Крестили новорождённого 7 марта, — свои именины Боратынский праздновал в этот день. Однако в метрической книге Вяжлинской церкви осталась следующая запись сельского попа отца Лариона Федотова: «У князя Аврама Андреева Баратынского сын Евгений родился 7 марта, крещён 8 марта. Восприемник Иван Егоров». Крестный отец — соседский помещик Иван Егорович не оставил по себе фамилии в истории, а вот имя крестной матери известно, это была родная сестра счастливого отца — Мария Андреевна Боратынская.

Исследователи установили: вяжлинский батюшка явно напутал в своей записи. Мало того что Абрама Андреевича назвал князем, так и день рождения его сына указал неверно. Выяснилось — священник время от времени скопом записывал имена младенцев, которых крестил, не придавая значения точной дате рождения крестьянских детей, да и барчат. Должно быть, святое крещение для него было куда как важнее самого нарождения на свет божий. По святцам именины Евгения выпадают не только на 19 февраля, но и на 22 февраля. В этот день Великого поста отмечается обретение мощей мучеников во Евгении — празднование в честь неизвестных святых страдальцев во времена гонений на христиан. Мучеников хоронили потаённо в Константинополе близ ворот и башни, называемых Евгениевыми; впоследствии на этом месте стали происходить чудесные исцеления, и братья по вере отыскали святые мощи и около 395–423 года перенесли их в храм…

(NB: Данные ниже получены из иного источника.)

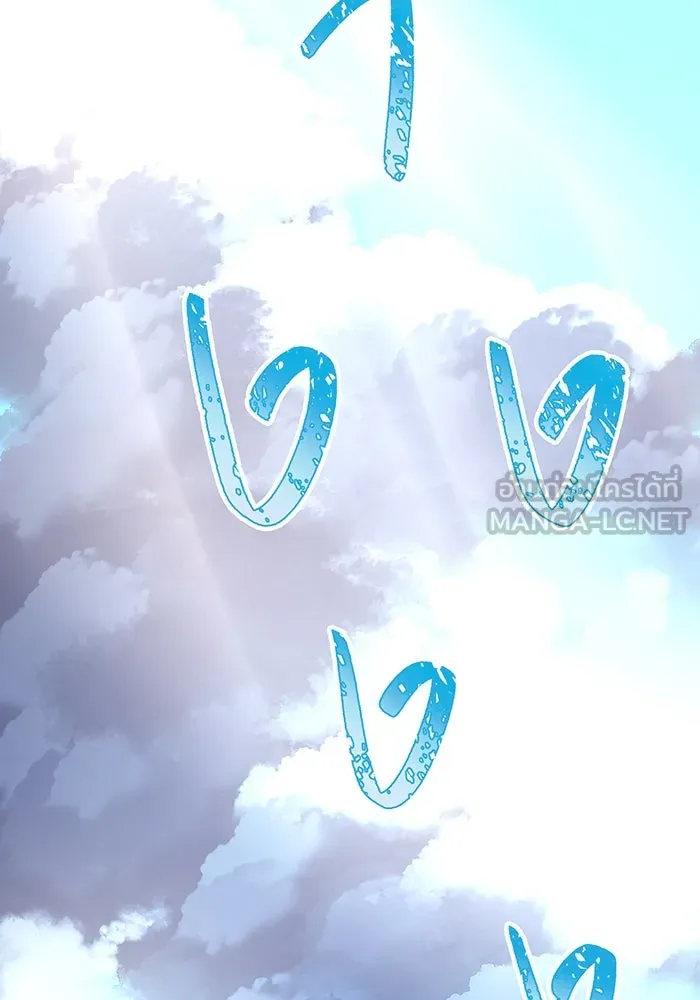 เพลเยอร์เลือดเทวะ ตอนที่ 27 สเตจ  บัลลังก์แห่งวายุและอัสนี รูปที่ 168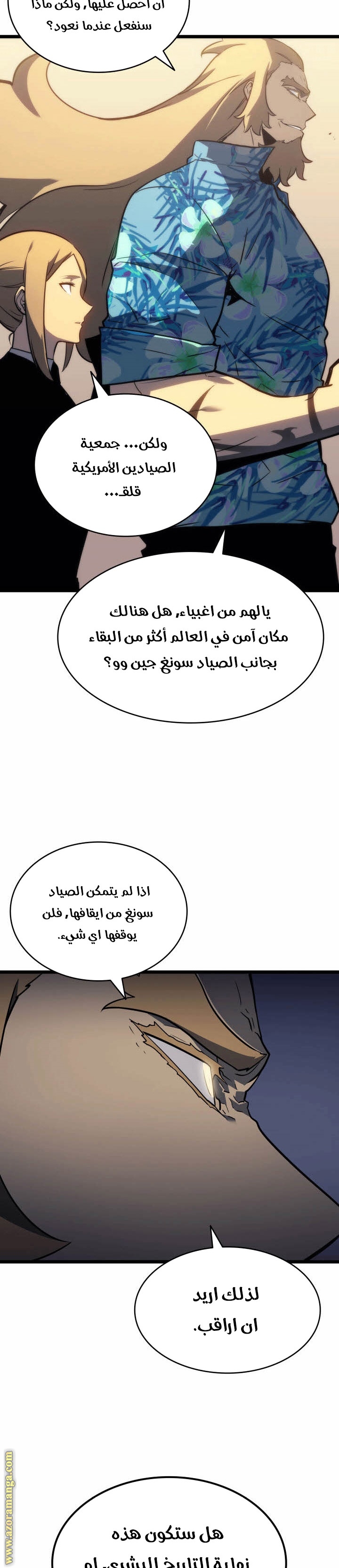 Read Solo Leveling ar Manga Online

…А по месяцеслову день именин Боратынского величается Василий Капельник: с крыш капает талая вода и пахнет весной. Несколькими днями раньше, на Гарасима Грачевника, обычно прилетают грачи. Тьма их на пашне. Гарасим пригнал, — говорят мужики, — грач на нос садится. 9 марта — день сорока мучеников, когда день с ночью равняется. Приход весны! Вот-вот прилетят певучие жаворонки. По избам пекут колобаны золотые, иначе, жаворонков — небольшие булочки в виде птичек. Поутру крестьянские детишки выбегают на крыльцо, расставляют на перилах ещё тёплые, духовитые хлебцы — и поют чистыми голосами, обращаясь в небо:

Жавороночки, прилетите к нам!

Весну-красну принесите нам!

Нам зима надоела —

Весь хлеб у нас поела…

Или же просто хором зазывают: «Жаворонки, прилетите, красно лето принесите».

Как и везде на Руси, так оно наверняка было в тамбовской Вяжле — в самые первые дни Боратынского на земле…

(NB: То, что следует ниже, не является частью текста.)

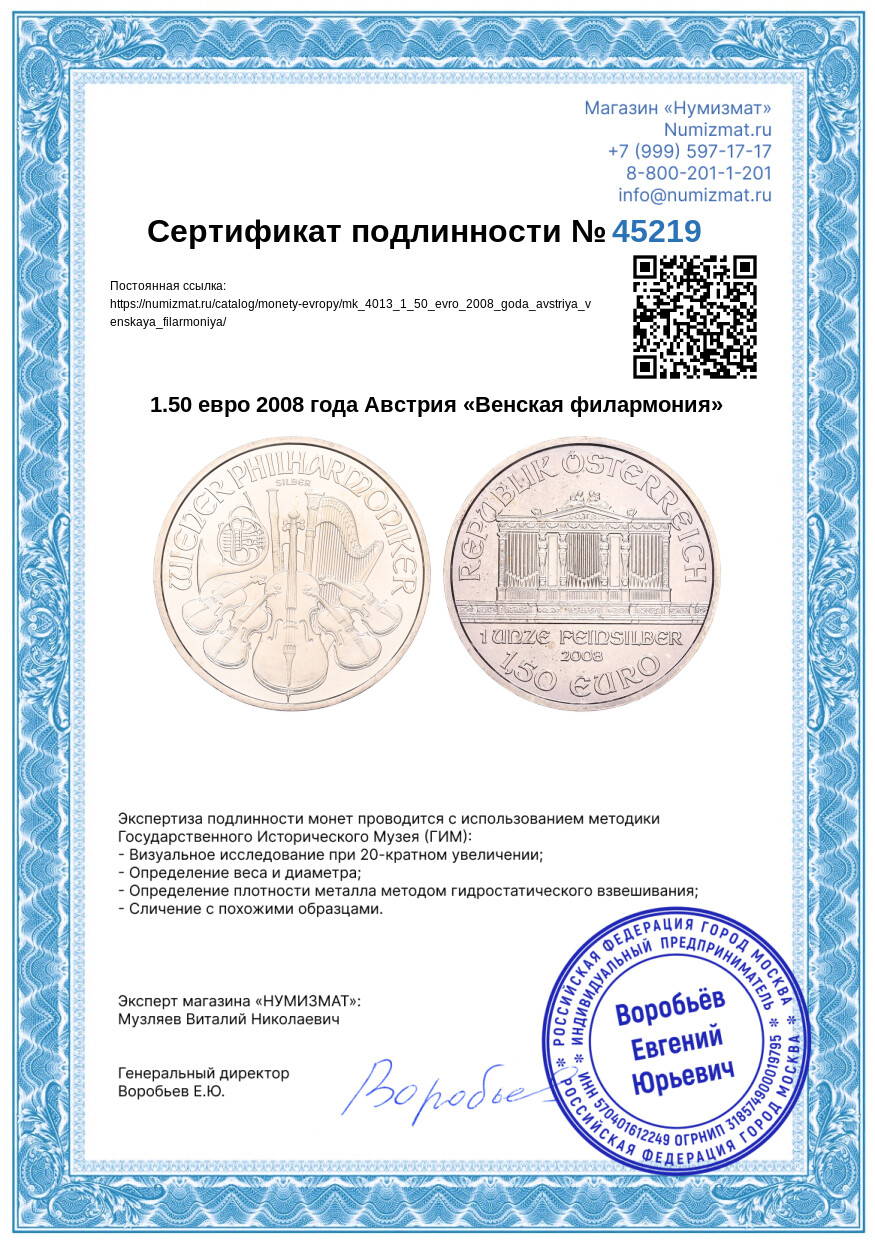 1.50 евро 2008 года Австрия «Венская филармония» — Фото №3
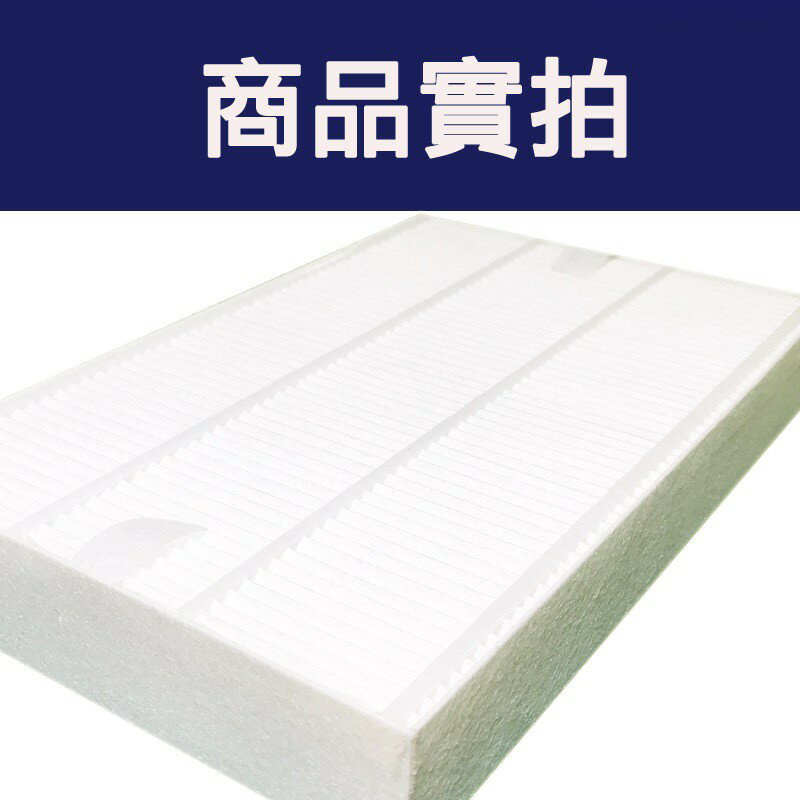 HEPA 2片濾心+4片活性碳濾網 適用Honeywell HPA-200/202APTW/HRF-R1 空氣清淨機【全店8折 現貨 免運】 2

Вяжля — десяток деревень, разбросанных вокруг барской усадьбы Абрама Андреевича Боратынского. По приезде из столицы в 1799 году здесь он и поставил свой первый дом. А новый дом построил позже, в 1804 году, в пяти верстах от прежнего, выбрав себе для жилья в вяжлинских пределах урочище под названием Мара…

8 марта 1800 года петербургская подруга Александры Фёдоровны писала ей: «Вы не можете вообразить, дорогая Александрина, невыразимой радости, которую принесло прелестное письмо Абрама Андреевича, благую и счастливую весть он нам сообщил. Я поздравляю от всего сердца миленькую маленькую маму с новорождённым» (перевод с французского).

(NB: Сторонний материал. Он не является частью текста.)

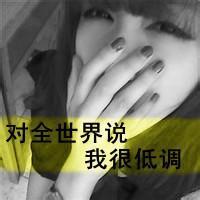 超拽霸气qq女生黑白头像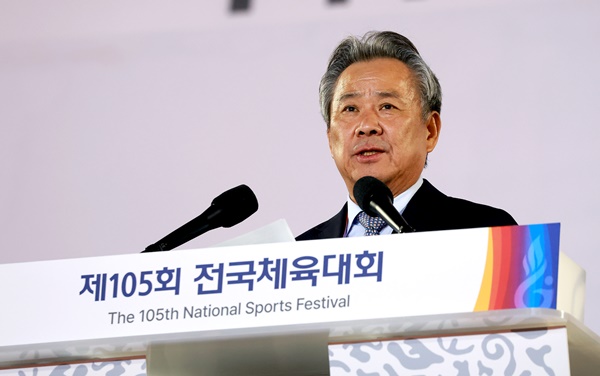 대한체육회, 제105회 전국체육대회 개회식 성황리에 개최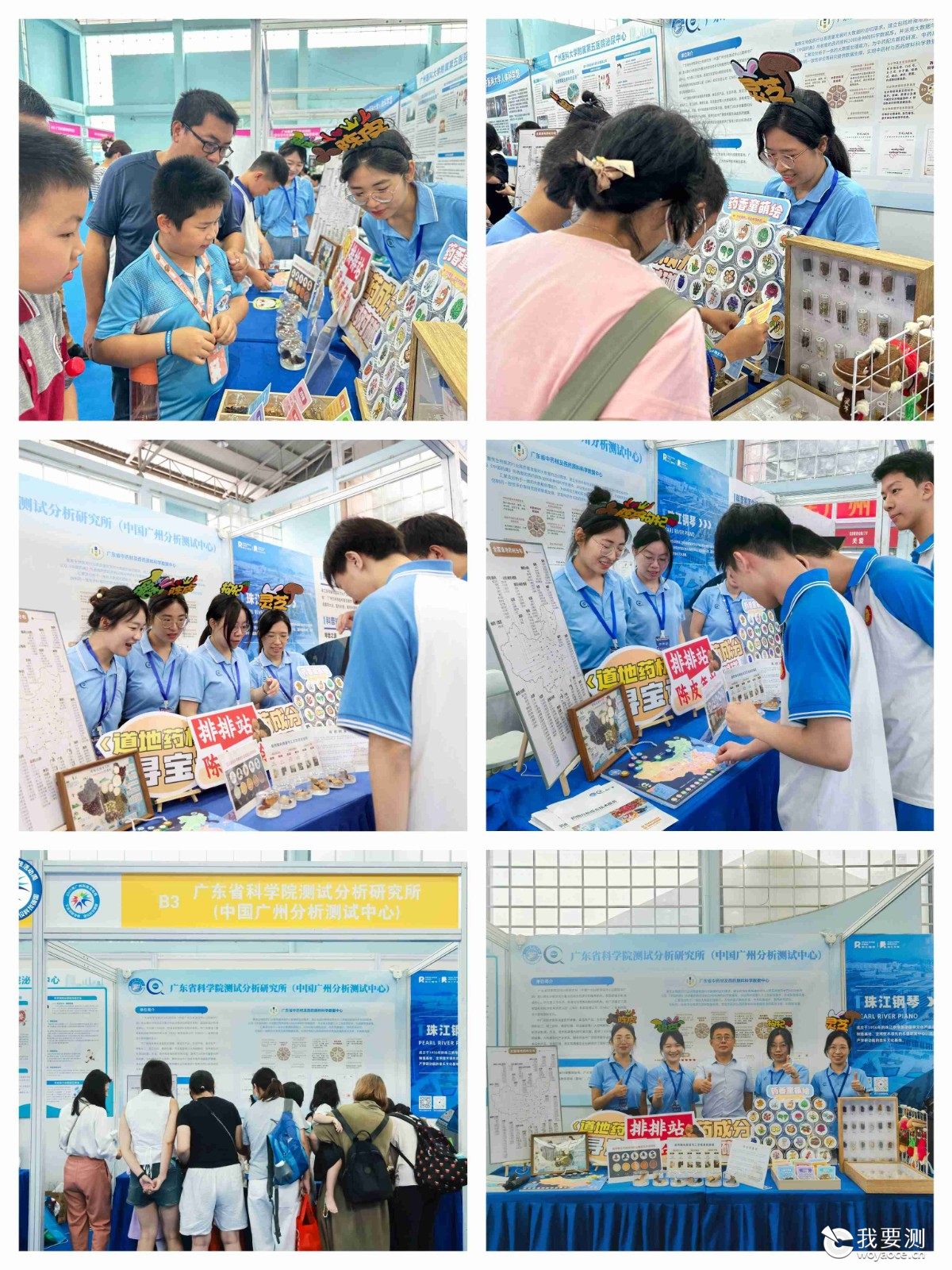 中广测参加2025年广州市第九届科学嘉年华活动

Дядя мальчика, Александр Андреевич Боратынский, проживающий у отца в поместье Подвойское-Голощапово, пишет (вторая половина 1800 года): «Сделайте милость, поспешите нас уведомить, как вы там находитесь и как дорогой Бубинька вас там забавляет, как сия нежная веточка вашей любви оперяется в своём смысле и познании и какие уже даёт надежды. Нам всё это интересно будет ведать, и будьте уверены, что и мы не холодное примем в том участие».

Была у братьев Боратынских тётушка — так они звали свою дальнюю родственницу и покровительницу Екатерину Ивановну Нелидову. В прошлом она была фрейлиной Екатерины II, а затем влиятельнейшей приближённой Павла I. Нелидова писала из столицы империи, что с нетерпением желает узнать «маленького Евгения» (июнь 1800 года), а позже, весной 1801 года, напоминала чете Боратынских: «Не забывайте никогда рассказывать о вашем малыше Евгении» (перевод с французского).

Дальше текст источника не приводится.